Adam Cullen, a leading Australian contemporary artist, was found dead at his home in Wentworth Falls yesterday. He was a controversial painter forging a career in irreverent ‘grunge art’ in the 90’s.
His portrait of actor David Wenham in the role of the vicious murderer from film The Boys, won him the Archibald Prize in 2000. He had courted notoriety for years, orchestrating publicity stunts such as chaining a rotting pig’s head to his ankle in art school and collaborating with criminal Mark ‘Chopper’ Read for their children’s book, Hooky the Cripple.
He was taken to a psychiatrist as a child growing up on Sydney’s northern beaches because the pictures he was drawing “were incredibly violent.” His fascination with violence and the macabre didn’t fade throughout his entire career. He leaves behind a body of works that bear his distinctively gritty style. He once said, “Art is a good way of documenting a life. I wish I had more time – be it a year or a hundred. This is the huge irony: the document I leave behind is about rehearsing for death.”
Cullen had been seriously ill for some time, living alone and riddled with physical and mental health issues. During a court case last year, the courts heard that his pancreas had been removed, that he suffered from diabetes and bipolar disorder. He had been caught by police driving near Goulbourn last July with a blood-alcohol reading of twice the legal limit and a number of firearms in his vehicle.

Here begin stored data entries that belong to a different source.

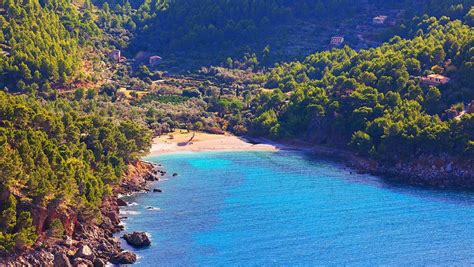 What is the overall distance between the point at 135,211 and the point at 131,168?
557 inches

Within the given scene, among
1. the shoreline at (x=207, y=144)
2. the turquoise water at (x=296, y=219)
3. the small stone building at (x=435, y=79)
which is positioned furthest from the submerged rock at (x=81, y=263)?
the small stone building at (x=435, y=79)

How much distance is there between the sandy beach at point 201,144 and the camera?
118312 millimetres

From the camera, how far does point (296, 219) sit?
85.9 metres

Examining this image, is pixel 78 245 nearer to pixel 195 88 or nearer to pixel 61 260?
pixel 61 260

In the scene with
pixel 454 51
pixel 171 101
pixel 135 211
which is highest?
pixel 454 51

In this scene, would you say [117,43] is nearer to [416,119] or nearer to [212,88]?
[212,88]

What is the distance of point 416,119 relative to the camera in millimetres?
107938

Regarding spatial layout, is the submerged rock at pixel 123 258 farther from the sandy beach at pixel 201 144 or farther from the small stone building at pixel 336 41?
the small stone building at pixel 336 41

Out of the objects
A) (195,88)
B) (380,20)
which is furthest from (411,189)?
(380,20)

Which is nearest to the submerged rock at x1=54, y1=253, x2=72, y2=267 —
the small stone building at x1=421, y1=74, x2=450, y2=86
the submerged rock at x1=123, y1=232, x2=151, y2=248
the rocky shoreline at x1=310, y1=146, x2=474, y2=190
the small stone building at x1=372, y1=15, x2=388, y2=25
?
the submerged rock at x1=123, y1=232, x2=151, y2=248

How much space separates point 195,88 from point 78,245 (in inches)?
2943

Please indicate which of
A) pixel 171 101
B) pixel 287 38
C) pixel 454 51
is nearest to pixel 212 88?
pixel 171 101

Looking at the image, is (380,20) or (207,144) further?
(380,20)

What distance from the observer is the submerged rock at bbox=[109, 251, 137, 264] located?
7200 centimetres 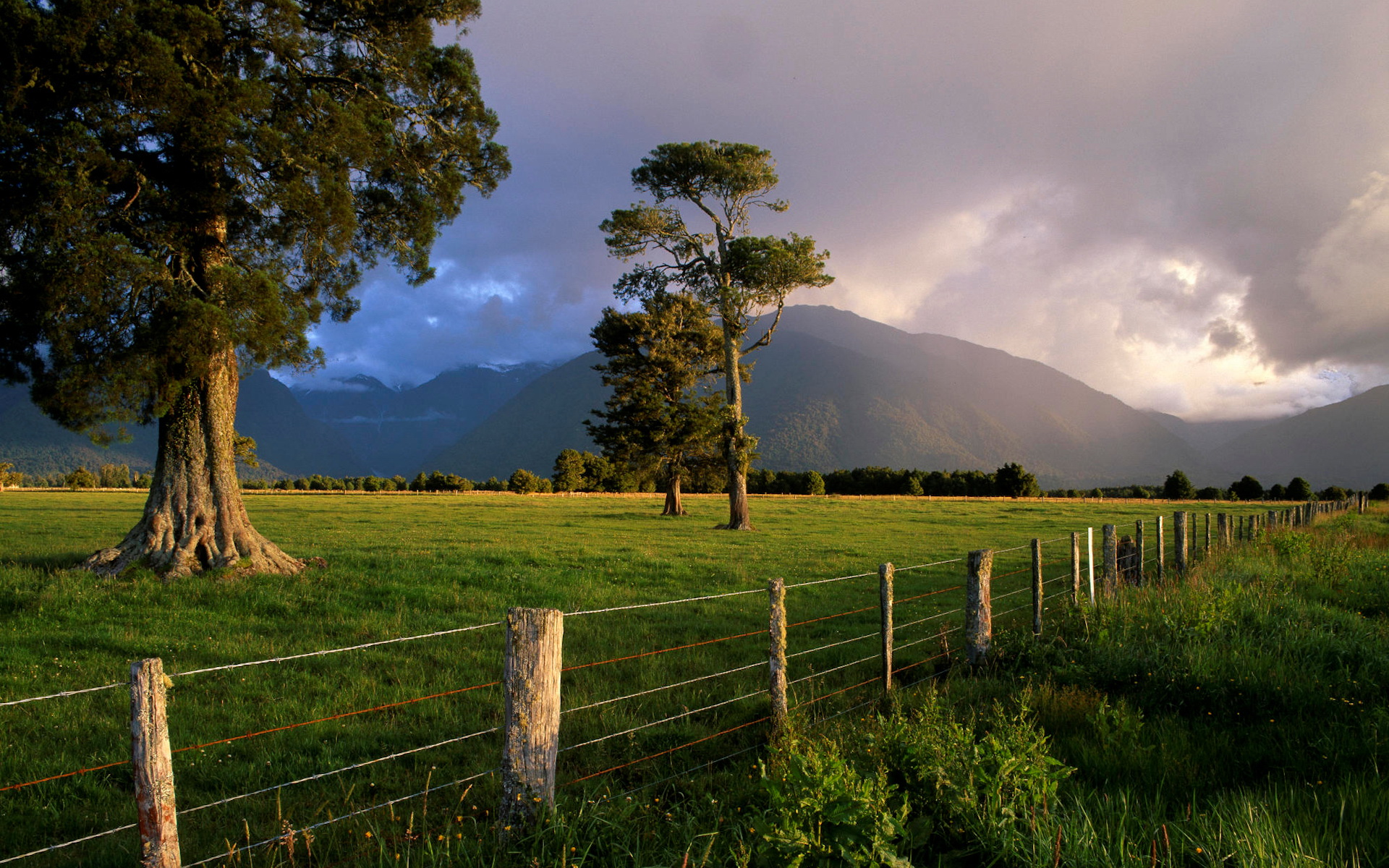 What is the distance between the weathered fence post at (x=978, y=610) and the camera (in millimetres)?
6891

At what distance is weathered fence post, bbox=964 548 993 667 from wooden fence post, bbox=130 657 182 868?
6431 millimetres

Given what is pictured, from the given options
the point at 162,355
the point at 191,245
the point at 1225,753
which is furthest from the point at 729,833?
the point at 191,245

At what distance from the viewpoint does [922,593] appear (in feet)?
41.3

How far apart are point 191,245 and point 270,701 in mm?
9823

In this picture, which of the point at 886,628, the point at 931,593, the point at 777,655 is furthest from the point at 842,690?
the point at 931,593

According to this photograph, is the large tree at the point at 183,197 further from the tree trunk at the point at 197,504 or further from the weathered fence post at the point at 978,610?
the weathered fence post at the point at 978,610

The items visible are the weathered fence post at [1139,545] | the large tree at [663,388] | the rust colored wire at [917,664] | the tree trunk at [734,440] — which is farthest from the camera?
the large tree at [663,388]

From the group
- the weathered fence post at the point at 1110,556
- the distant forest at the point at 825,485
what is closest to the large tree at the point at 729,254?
the weathered fence post at the point at 1110,556

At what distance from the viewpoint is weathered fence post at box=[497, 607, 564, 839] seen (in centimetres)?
360

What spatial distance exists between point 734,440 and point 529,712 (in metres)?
22.2

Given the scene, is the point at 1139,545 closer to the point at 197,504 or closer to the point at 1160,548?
the point at 1160,548

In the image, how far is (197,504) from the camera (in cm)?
1246

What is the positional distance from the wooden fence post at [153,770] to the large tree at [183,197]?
393 inches

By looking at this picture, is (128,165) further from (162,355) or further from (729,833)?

Gallery owner Michael Reid had a long association with Cullen and felt the court case that followed this incident pushed Cullen’s health to the brink.
“Adam was the real deal,’’ said Mr Reid “Even in the grips of a consuming illness, on a good day, he was one of the very best contemporary artists in Australia. Adam was astonishingly kind and the many hundreds and hundreds of thousands of dollars in paintings he donated to charity attest to his endless giving. Adam’s death is a great loss to the nation in so many ways.”
Design Federation was a guest of the Art Series Hotel, The Cullen, a few years ago which now stands as a monument to the artist. He was one of the country’s most collectible modern painters before he died, no doubt his tragically premature death will secure his legacy as rare and sought-after.
As his lawyer told Fairfax Media today, “We have lost a great artist who lived and breathed the life of an artist.”